I went down a similar rabbit hole a while back and ended up building something that attacks the same problem from the opposite direction: instead of just a hardware box that switches everything (video + USB), I wrote Fence[1], a software layer that automates switching USB input devices when you glide the mouse to the edge of the screen.

The idea is basically "Synergy's convenience, but with real hardware switching." You run a tiny client on each machine. When your cursor hits the left edge of your desktop, Fence tells a USB and HDMI Switch to physically redirect your keyboard and mouse to the next PC.

The switching happens in hardware and you can design your layout per-direction and per-device.

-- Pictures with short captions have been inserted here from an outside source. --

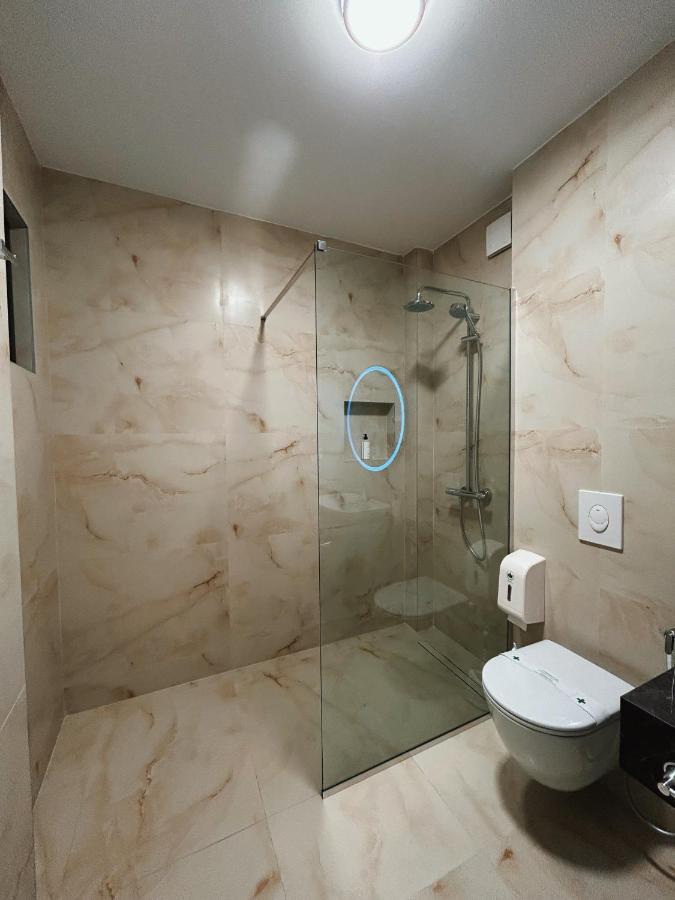 Clinton Tirana Inn المظهر الخارجي الصورة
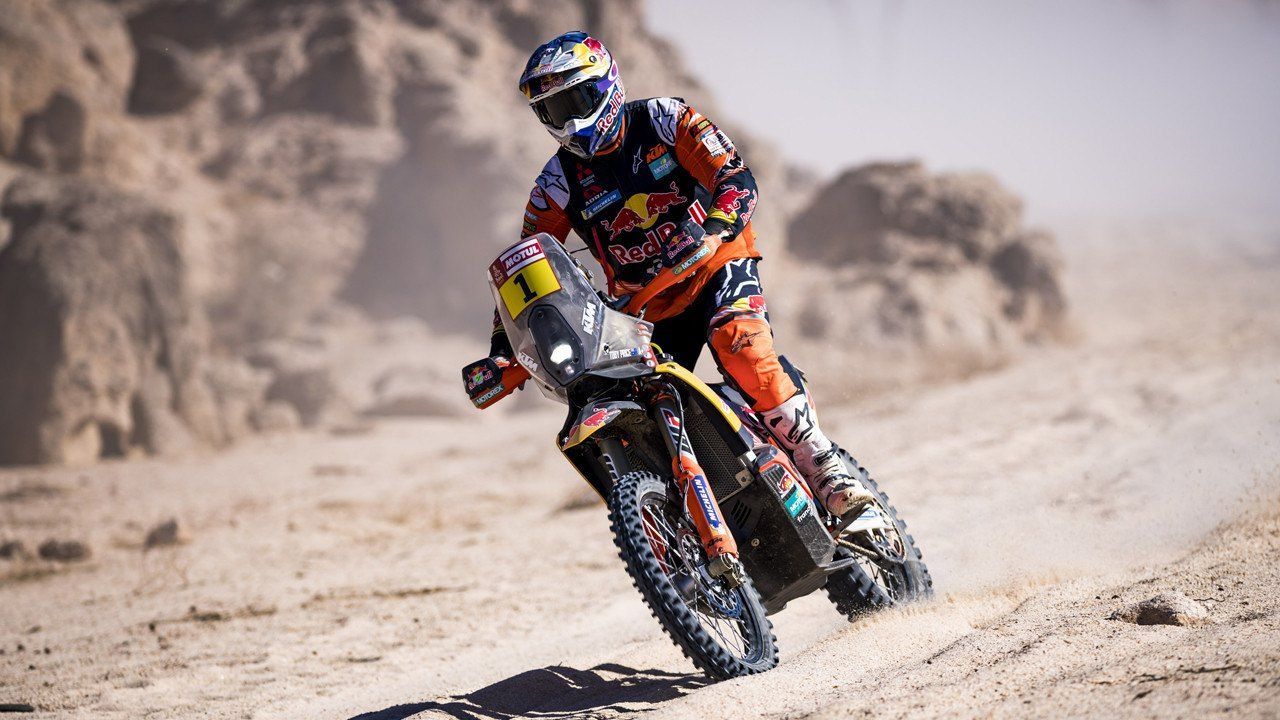 KTM gana la quinta etapa con Toby Price, pero pierde a Sunderland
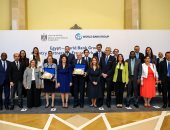 رانيا المشاط تُكرم المدير القطرى للبنك الدولى ومدير العمليات تقديرًا لجهودهما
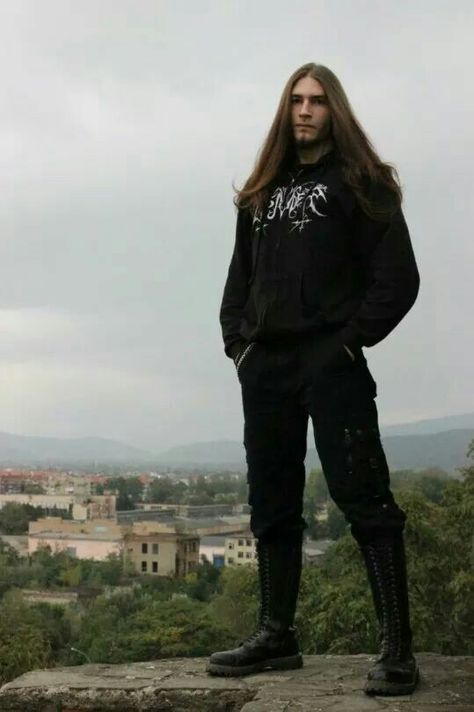 Metalhead Aesthetic, Black Metal Fashion, Metalhead Fashion, Metalhead Guy, Metal Outfit, Metal Boy, Goth Guys, Gothic Men, Battle Jacket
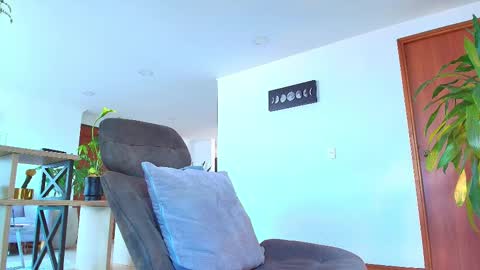 ANDREW WEST online show from 10-05-25, 02:37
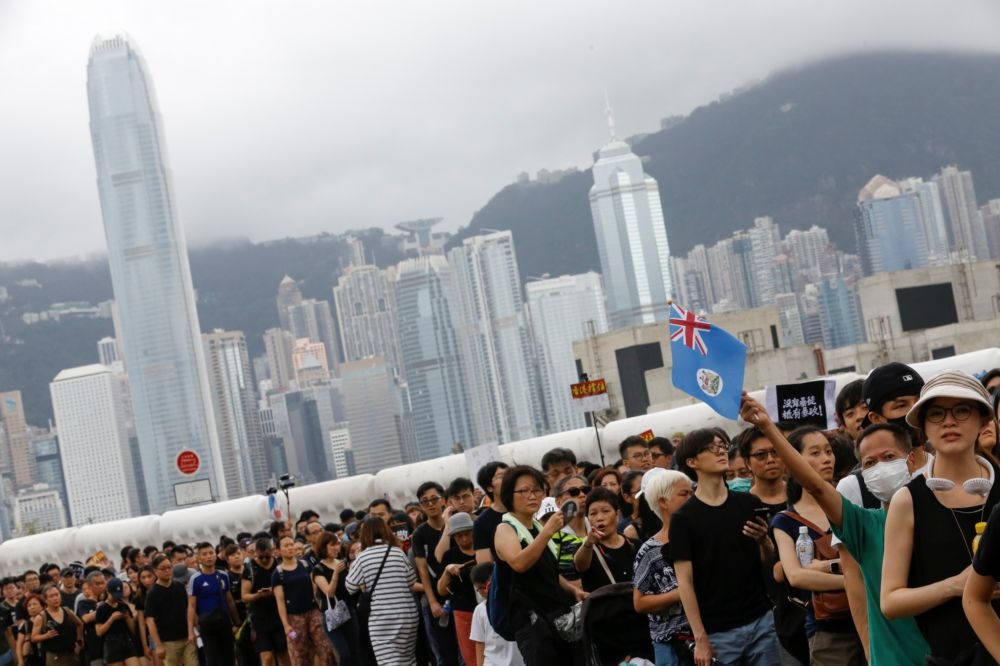 不滿特首的態度，香港人民準備發動全港18區遍地開花。（湯森路透）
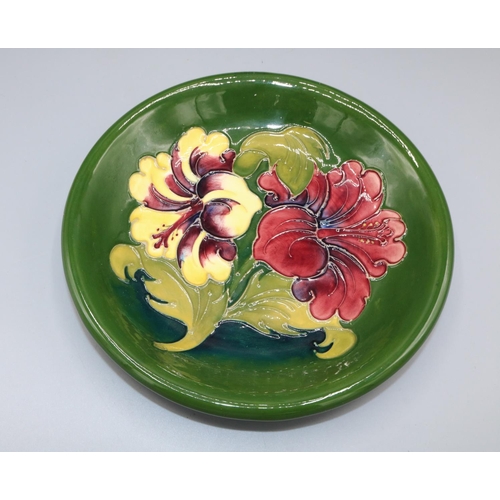 1621 - Moorcroft Pottery, Hibiscus pattern plate, D22cm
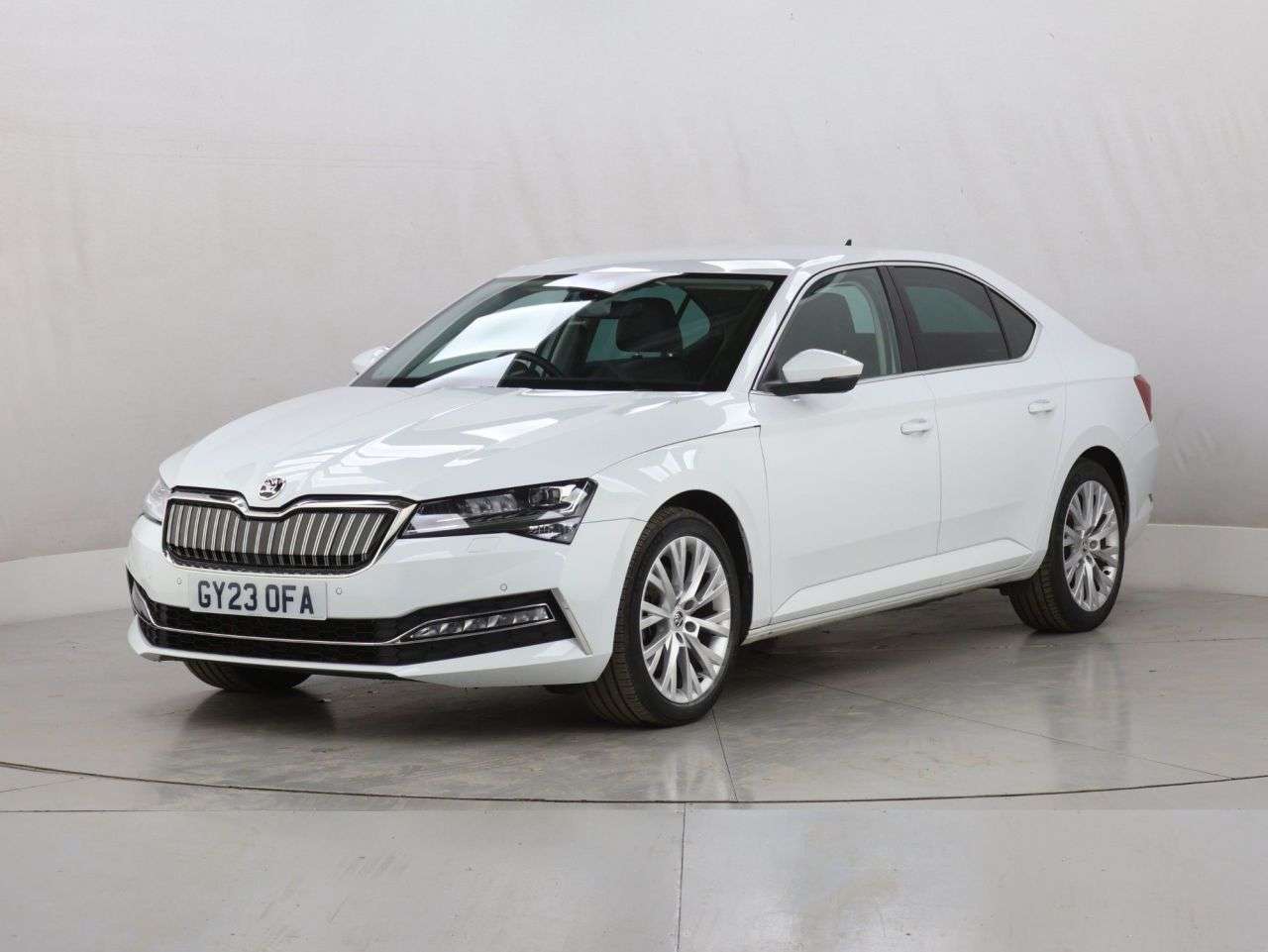 A 2023 SKODA SUPERB 1.4 TSI iV 13kWh SE L Hatchback 5dr Petrol Plug-in Hybrid DSG Euro 6 (s/s) A 2023 SKODA SUPERB 1.4 TSI iV 13kWh SE L Hatchback 5dr Petrol Plug-in Hybrid DSG Euro 6 (s/s)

Where the L1T KVM is the "one box handles video and IO beautifully" approach, Fence is more of an "IO routing layer" that lets you keep your existing monitors and their auto-input-switching (or a separate video path).

I built it specifically to be cross-platform. You don't pass clicks/keystrokes over the network, just a "switch to pc2 PC, left edge" message.

Not a replacement for the L1T if you want one-button video+peripheral switching, but if someone likes their monitor's own input handling and just wants the "mouse to edge" workflow it's a nice middle ground.

I like the fact that moving the mouse to different edges of the screen can show exactly the source to the sink that I want.

I originally built it for live streaming with OBS, but now, I miss it when I have more than one computer I need to deal with at a time.